What are you looking for? asked co-host Ernie Johnson.

“Andrew Bynum,” replied Barkley.

Good luck.

Oh there’s no question where Bynum is. It’s not hard to find a 7-foot, 285-pounder. He’s sitting on the Laker bench, moving further and further down the pine. At this point, he’s about to slip past Kurt Rambis in the rotation. It’s been 14 years since Kurt last played, but he could at least still put his body between an opposing player and the basket without automatically triggering a referee’s whistle.

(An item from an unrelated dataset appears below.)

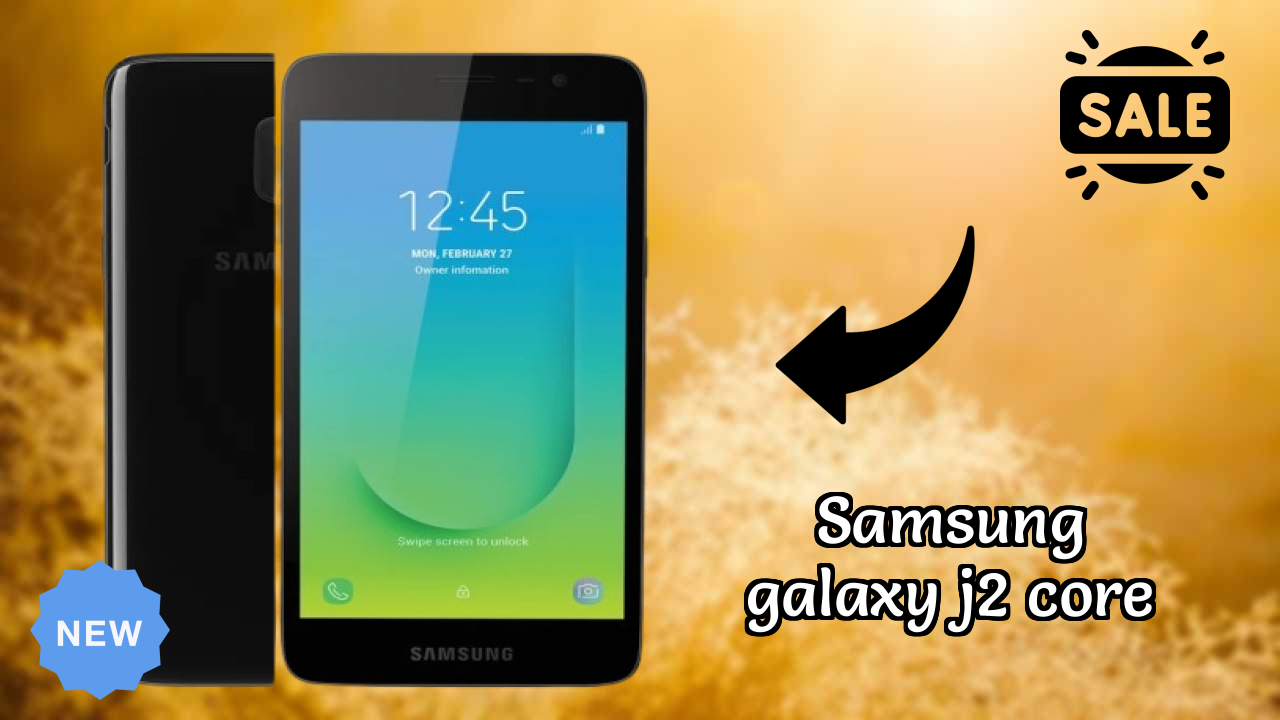 NewSamsung Galaxy J2 Core 2026: Latest Mobile Phone with High Quolity Disa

Bynum, it seems, cannot. In this postseason, he has become a foul machine, hacking and banging and stumbling his way through a thicket of Rocket and Utah Jazz players. In the Lakers’ first-round playoff series against the Jazz, Bynum had 16 fouls in 77 minutes. Against the Rockets, he had three in 15 minutes in Game 1 and picked up his pace with three more in only eight minutes in Game 2.

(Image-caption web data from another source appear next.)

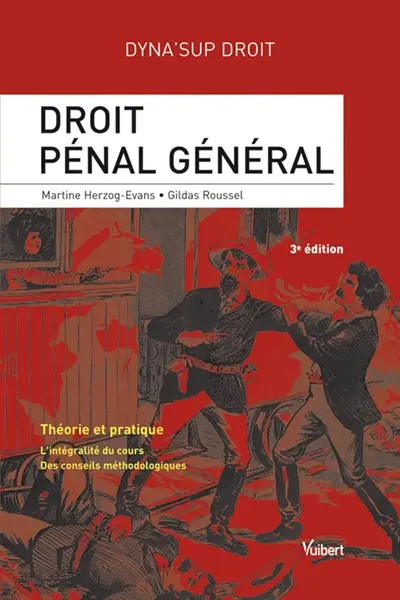 Droit pénal général : théorie et pratique, l'intégralité du cours, des conseils méthodologiques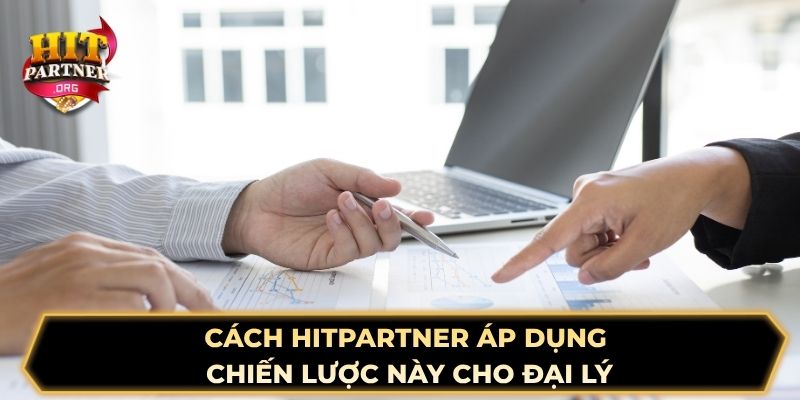 Cách Hitpartner áp dụng chiến lược này cho đại lý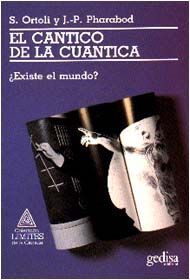 EL CÁNTICO DE LA CUÁNTICA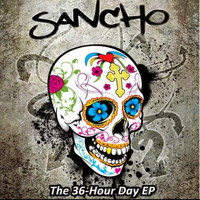 Sancho - The 36-Hour Day EP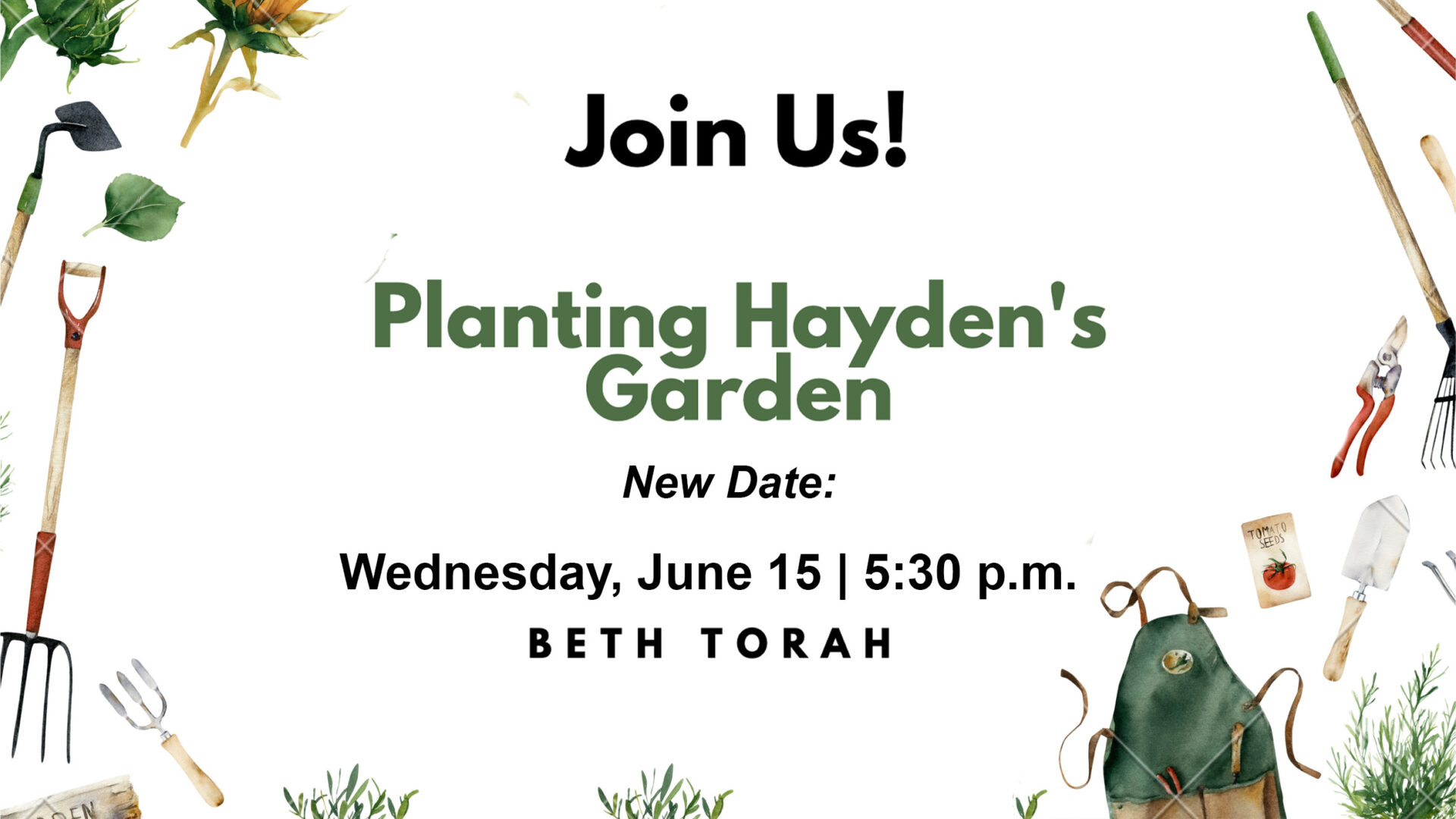 A bunch of garden tools with text that says, 'Join Us! Planting Hayden's Garden; New Date: Wednesday June 15 | 5:30 p.m.; Beth Torah.'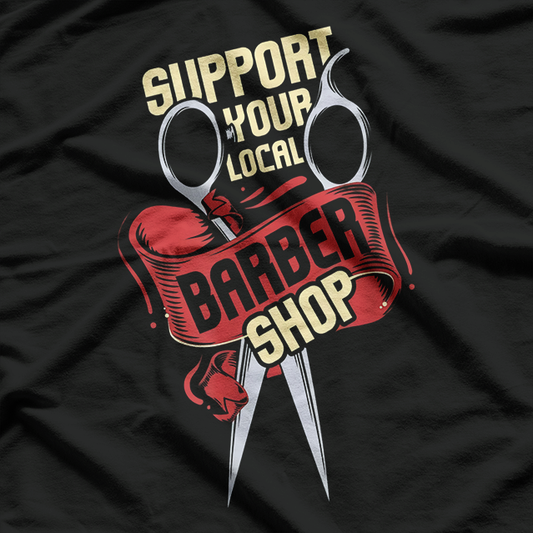 Support Your Local Barber Shop T-Shirt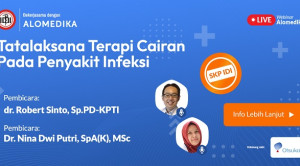 Live Webinar: Tata Laksana Terapi Cairan Pada Penyakit Infeksi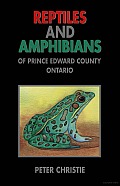 Reptiles and Amphibians of Prince Edward County, Ontario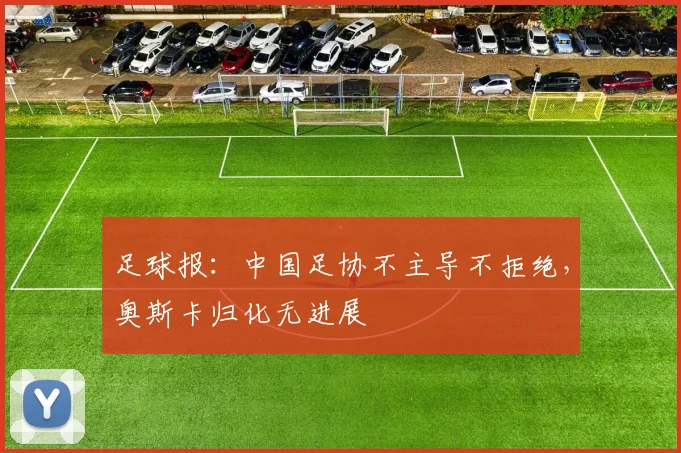 足球报：中国足协不主导不拒绝，奥斯卡归化无进展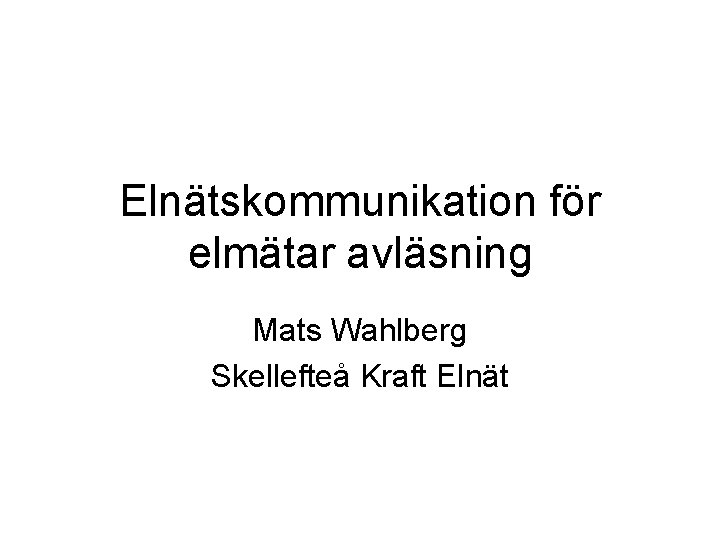 Elnätskommunikation för elmätar avläsning Mats Wahlberg Skellefteå Kraft Elnät 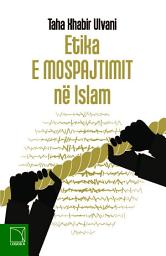 Icon image ‏(Albanian Language) (مختصر كتاب) من أدب الإختلاف الى نبذ الخلاف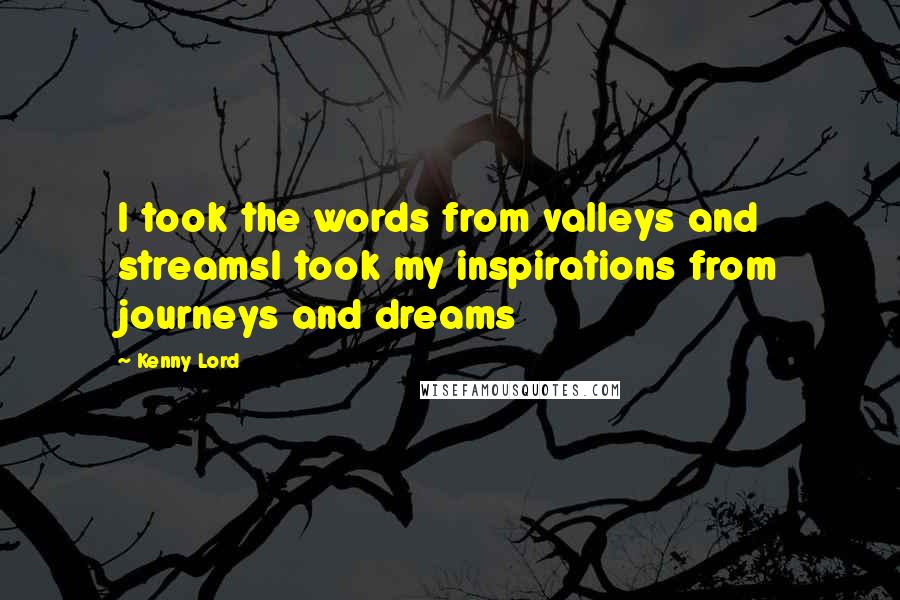 Kenny Lord quotes: I took the words from valleys and streamsI took my inspirations from journeys and dreams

But it’s more than just fouls. It’s not Barkley in search of Bynum so much as it is Bynum in search of his game. He’s totally lost out there.

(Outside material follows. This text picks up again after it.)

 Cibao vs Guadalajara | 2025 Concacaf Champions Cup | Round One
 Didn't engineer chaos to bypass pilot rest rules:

Bynum keeps fouling because he’s trying to make up for the fact that he’s slow to react on defense.

And he’s no better on offense. When the ball goes into Pau Gasol, the offense clicks, the cutting and rolling functioning as smoothly as Tex Winter designed it. When the ball goes into Bynum, forget it.

The worst part is Bynum’s attitude. When he’s called for a foul or otherwise screws up, he pouts, his shoulders drooping, his usefulness to the team lost.

I know, I know. He’s:

-- still young.

-- still inexperienced.

-- still rusty from missing 32 games because of a knee injury.

-- still not fully recovered from the injury.

-- still bothered by the knee brace he is forced to wear.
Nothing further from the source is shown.